Salmon Fishing in Ethiopia?
Sometimes quixotic ideas work, more often they do not. Salmon Fishing in the Yemen is a funny book about the misguided attempts to set up trout fishing in Yemen, with aid money galore and high minded politicians – sounds familiar? It’s a book that I greatly enjoyed (by the way, you can fish trout in Ethiopia, in the streams of Bale, and there is even a trout farm, and a very successful one I am told, up there too), but was there something quixotic and fantastical about setting up a riding business in Ethiopia? No, I don’t believe so. True, Ethiopia has its own idiosyncratic way of operating – heavy on regulation, with constant paperwork and a thousand chits of stamped paper for every task – and very little flexibility and initiative. I well remember a departing BBC correspondent’s last dispatch, in which she chose to write about the dreaded stamp she always had to carry around to authenticate her documents with. Yes, the inflexibility and lack of initiative and control freakery add enormously to costs, yes, the constant fear of being told you haven’t submitted the right paperwork (with the associated fines and slaps on the wrist and costly hours & hours & hours of wasted time) is a strong deterrent to running a successful business, but no, at the end of the day, this is not why my business didn’t work.
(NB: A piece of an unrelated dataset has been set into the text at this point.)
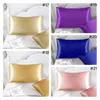 20*26 inch Silk Satin Pillow Case 21 Colors Cooling Envelope Pillowcase Ice Silk Skin-friendly Pillowslip Solid Color Pillow Cover Bedding Supplies Q552
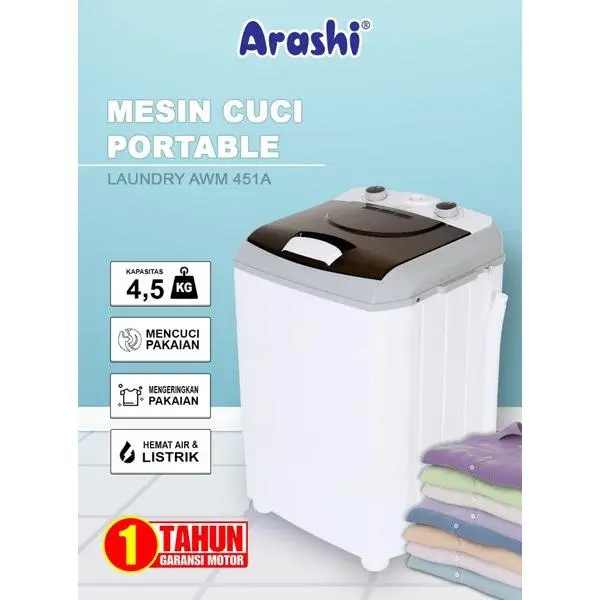 Mesin Cuci Laundry Arashi AWM 451A - AWM 451 A Kapasitas 4.5 KG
Ethiopia may be a difficult place to do business in, but it’s not the wrong place to do business in. Conducting affairs in Ethiopia may be challenging, but it can also be rewarding. And Ethiopia (that looks so like the Cotswolds, the South African veld, the south of France and South Carolina and a host of other beautiful worldwide locations) is a country of the horse with a long and rich equestrian tradition. I remain convinced Ethiopia has some of the best riding grounds in the world. And Ethiopia may be a difficult place to operate in, but it is also a very easy place work in too by other yardsticks. So I have no complaints, with Ethiopia, or Ethiopians, or their way of conducting their affairs. Equus Ethiopia didn’t gallop ahead because of an economic downturn – perhaps – and because from the very start it was conceived as a hobby horse. That absence of business plan again from yours truly.
But there’s not much sense in flogging a dead horse, be it an Ethiopian one – if our excellent ponies will pardon the expression – and sometimes you should know when to call it quits. The time has come to close the stables, sell the horses, and look for greener pastures – and I am happy to announce that all of the horses have found a new home, as have all of our employees – including my strong minded but fair and kind mother in law, and that the beautiful stables in Solulta, with their warm raw earth walls, will remain open for Addis Ababa riders to stable their horses in years to come. I know of few places where I would enjoy to ride more. For my part, I will be continuing to translate & interpret & write in Ethiopia. And yes, I am of course keeping two horses to continue riding the Entoto Hills and those green rolling plateaux I have come to love so much – and besides, I don’t want to lose my hard earned riding skills. I think I’ve reached grade 4.8 on that scale of riding ability I mentioned earlier -I have the ambition to make it to six one day. As to my business skills, I think I’m now a 2 – ten being the highest grade of course. Farewell and godspeed.